Akhir-akhir ini, negara kita dihadapkan dengan banyak persoalan seputar kebutuhan pokok masyakarat. Dari mulai kelangkaan dan kenaikan harga minyak goreng, naiknya harga kacang kedelai yang membuat pengusaha tahu dan tempe berhenti produksi, harga cabai, gas dan juga daging sapi naik, dan sekarang gula hilang di pasaran.
Kelangkaan minyak belum juga tertangani dengan tuntas. Pemerintah malah menyikapinya dengan sidak ke pasar-pasar tradisional. Hasilnya, saat sidak seolah tersedia, namun setelah sidak suplainya menjadi langka lagi.
Penyikapan kelangkaan pangan oleh pemerintah sangat tidak kompeten. Bukan alih-alih mengurai benang kusut rantai suplai dan distribusi malah memilih kebijakan pencitraan mendatangi pasar-pasar dengan membawa sejumlah awak media. Apalagi ada pernyataan dari Kemendag bahwa kelangkaan minyak akibat penimbunan oleh masyarakat. Bagaimana mungkin masyarakat menimbun sementara kemampuan daya beli mereka sedang rendah? Di sisi pengeluaran, komponen terbesar (konsumsi rumahtangga) hanya tumbuh 2,02% sepanjang tahun 2021. Ini bukti rendahnya perbaikan daya beli masyarakat.
Pernyataan tersebut memberikan kesan bahwa pemerintah tidak memahami antara menimbun yang biasanya dilakukan untuk mendapatkan keuntungan sebesar-besarnya dengan stok/persediaan untuk konsumsi.
Sekarang giliran gula yang hilang dipasaran. Ini akan menjadi masalah serius di masyarakat. Terutama pelaku ekonomi mikro kecil pasti akan sangat menderita.
Khusus gula pada bulan Januari lalu sudah diprediksi defisit dari jumlah kebutuhan yang diproyeksikan akan meningkat hingga 7,13 juta ton sedangkan rata-rata kemampuan produksi perusahaan gula BUMN hanya berkisar di 2,2 juta ton per tahun.
Dan hal ini juga yang mendorong kebijakan untuk menghadirkan investor swasta (asing) yang menguasai sekitar 49% saham. Semestinya langkah yang diambil ini bisa berdampak kepada kestabilan ketersediaan gula pasir. Tapi ternyata kelangkaan gula pasir bisa terjadi saat ini.
Kenapa kenaikan dan kelangkaan barang-barang pokok ini terjadi secara bergiliran? Seperti sebuah urutan dalam timeline tertentu. Ini menjadi sebuah pertanyaan besar. Jika permasalahannya hanya di masalah teknis tentu masalah ini tidak akan berlarut-larut.

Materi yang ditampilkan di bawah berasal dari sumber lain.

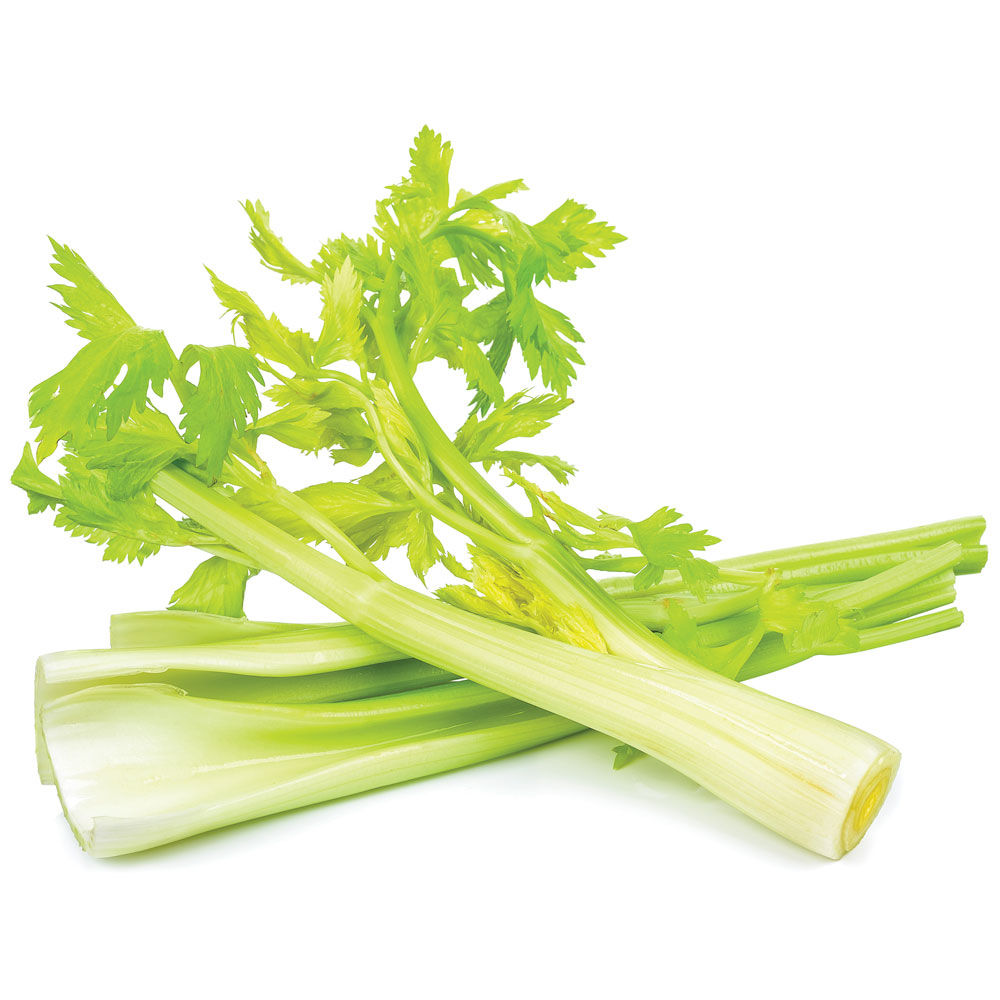 Sedano verde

Sekali lagi, ini menunjukan langkah pemerintah mengatasi persoalan kelangkaan pangan ini belum memadai dan terkesan tidak kompeten. Belum ada langkah terkoordinasi lintas kementerian/lembaga dan otoritas untuk memastikan bahwa di Bulan Ramadhan nanti, masyarakat tidak mengalami kelangkaan seperti pada bulan Februari dan Maret ini.
Pemerintah terkesan tidak berdaya menghadapi para produsen bahan pokok dan terkesan malah menyalahkan publik. Sungguh ironi. Kelangkaan-kelangkaan barang-barang pokok ini mungkin akan memberikan insentif untuk pemerintah melakukan impor.
Masalahnya impor menjadi sesuatu yang merugikan neraca perdagangan Indonesia yang saat ini tengah negatif dan patut diingat bahwa konflik dunia yang memanas Ukraina-Rusia menyebabkan mengimpor lebih mahal daripada mengoptimalkan dari sumber dalam negeri sendiri.
Pemerintah perlu terobosan atas kelangkaan pangan. Penyikapan saat ini terkesan tidak kompeten. Salah satu saran untuk menyikapi kelangkaan pangan adalah pemerintah membentuk desk mafia penimbunan pangan sebagaimana pembentukan desk BLBI.
Desk tersebut harus lintas kementerian dan lintas aparat keamanan, disamping juga menghapuskan kebijakan pemerintah sendiri yang membuat distorsi harga seperti penetapan batas HET Permendag, yang terbukti menyebabkan bahan pokok menjadi langka.